CILEA-NET: Curriculum-Based Incremental Learning Framework for Remote Sensing Image Classification

• Main Authors: S. Divakar Bhat, Biplab Banerjee, Subhasis Chaudhuri, Avik Bhattacharya
• Format: Article
• Language: English
• Published: IEEE 2021-01-01
• Series: IEEE Journal of Selected Topics in Applied Earth Observations and Remote Sensing
• Subjects: Classification; curriculum; incremental learning (IL); remote sensing
• Online Access: https://ieeexplore.ieee.org/document/9442875/

In this article, we address class incremental learning (IL) in remote sensing image analysis. Since remote sensing images are acquired continuously over time by Earth's observation sensors, the land-cover/land-use classes on the ground are likely to be found in a gradational manner. This process restricts the deployment of stand-alone classification approaches, which are trained for all the classes together in one iteration. Therefore, for every new set of categories discovered, the entire network consisting of old and new classes requires retraining. This procedure is often impractical, considering vast volumes of data, limited resources, and the complexity of learning models.
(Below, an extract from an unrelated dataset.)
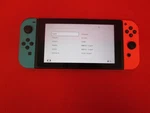 Nintendo Switch System Tablet And Red Blue Joycon Set Very Good 9834 Used. Price: $222.27.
In this respect, we propose a convolutional-neural-network-based framework (called CILEA-NET, curriculum-based incremental learning framework for remote sensing image classification) to efficiently resolve the difficulties associated with incremental learning paradigm. The framework includes new classes in the already trained model to avoid catastrophic forgetting for the old while ensuring improved generalization for the newly added classes. To manage the IL's stability-plasticity dilemma, we introduce a novel curriculum learning-based approach where the order of the new classes is devised based on their similarity to the already trained classes. We then perform the training in that given order. We notice that the curriculum learning setup distinctly enhances the training time for the new classes. Experimental results on several optical datasets: PatternNet and NWPU-RESISC45, and a hyperspectral dataset: Indian Pines, validate the robustness of our technique.